I did a little bit of research on this and determined that the non-Windows library (libnvinfer_builder_resource.so.10.2.0) was already opened by the process, so it's a real mystery to me why it was trying to open the Windows version. The dlopen (or whatever) is happening inside the tensorrt.so compiled code, not anything to do with the Python wrapper around it, so it's hard to debug farther.

I made a symlink from the proper DSO to the Windows filename, but that fixed nothing: The symbols that it then looks for inside are also suffixed with _win.

I asked in the discussion forum for the Comfy nodes... https://github.com/comfyanonymous/ComfyUI_TensorRT/discussions/49 But clearly they have nothing to do with it.

lanyuer commented 4 months ago

I also have this problem on Windows WSL2.

thefoxfarmer commented 4 months ago

10.1.0 is also working for me on the setup outlined above where 10.2.0 did not.

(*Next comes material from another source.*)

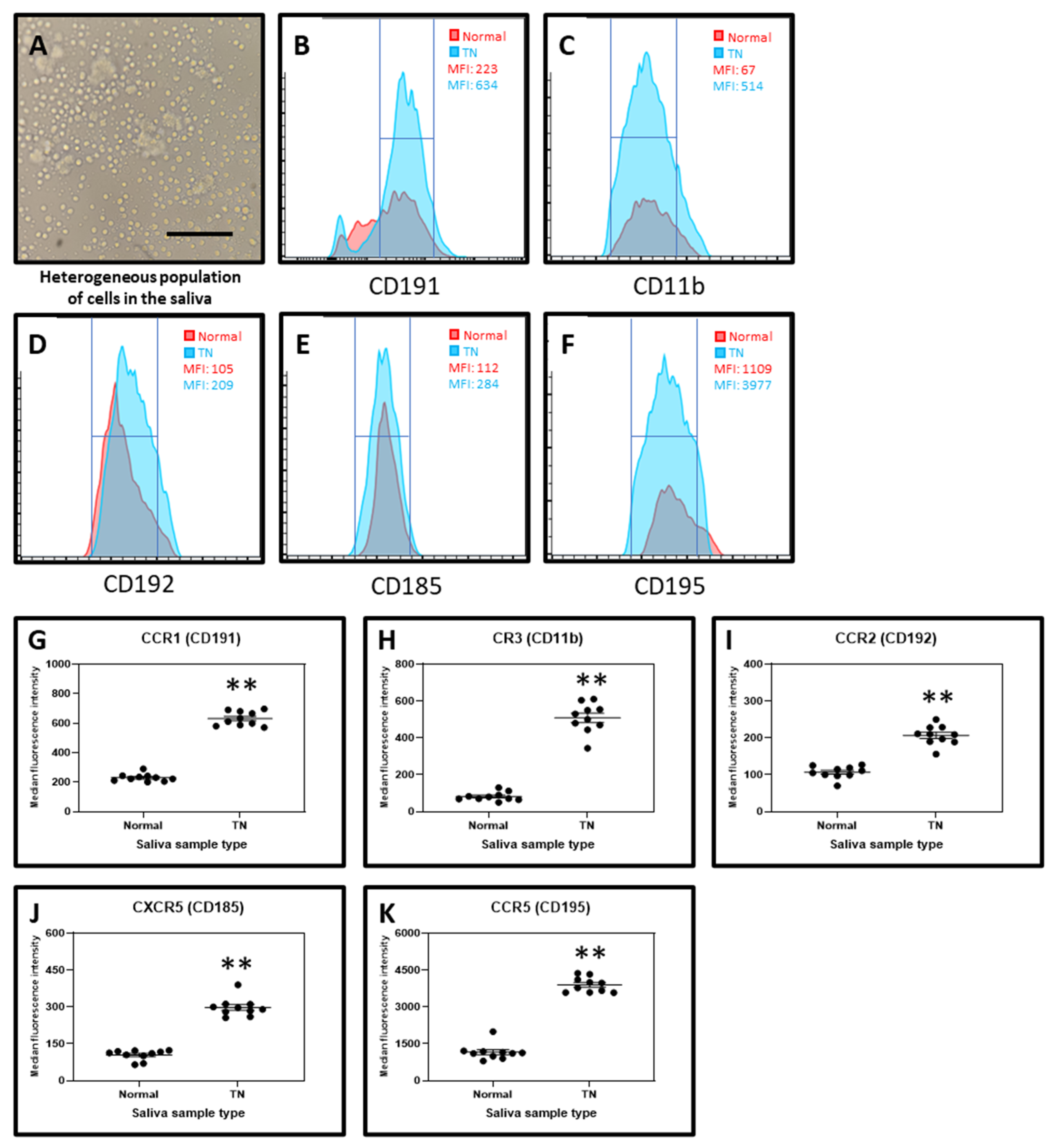 Molecules 26 02964 g004 Molecules 26 02964 g004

BuffMcBigHuge commented 4 months ago

Downgrading by running this command fixed the issue for me.

pip install tensorrt==10.1.0 tensorrt-cu12==10.1.0 tensorrt-cu12-bindings==10.1.0 tensorrt-cu12-libs==10.1.0 --force-reinstall
online2311 commented 4 months ago

通过运行此命令降级为我解决了这个问题。

pip install tensorrt==10.1.0 tensorrt-cu12==10.1.0 tensorrt-cu12-bindings==10.1.0 tensorrt-cu12-libs==10.1.0 --force-reinstall

Solved my problem, thanks.

glenn-jocher commented 4 months ago

Resolved in Ultralytics package by pinning tensorrt<=10.2.0, but does not resolve underlying issue unfortunately. https://github.com/ultralytics/ultralytics/pull/14239

RONNYKHALIL commented 4 months ago

通过运行此命令降级为我解决了这个问题。

pip install tensorrt==10.1.0 tensorrt-cu12==10.1.0 tensorrt-cu12-bindings==10.1.0 tensorrt-cu12-libs==10.1.0 --force-reinstall

Solved my problem, thanks.

same!!! thank uuuu

lix19937 commented 4 months ago

libnvinfer_builder_resource_win.so.10.2.0: libnvinfer_builder_resource_win.so.10.2.0: cannot open shared object file: No such file or directory)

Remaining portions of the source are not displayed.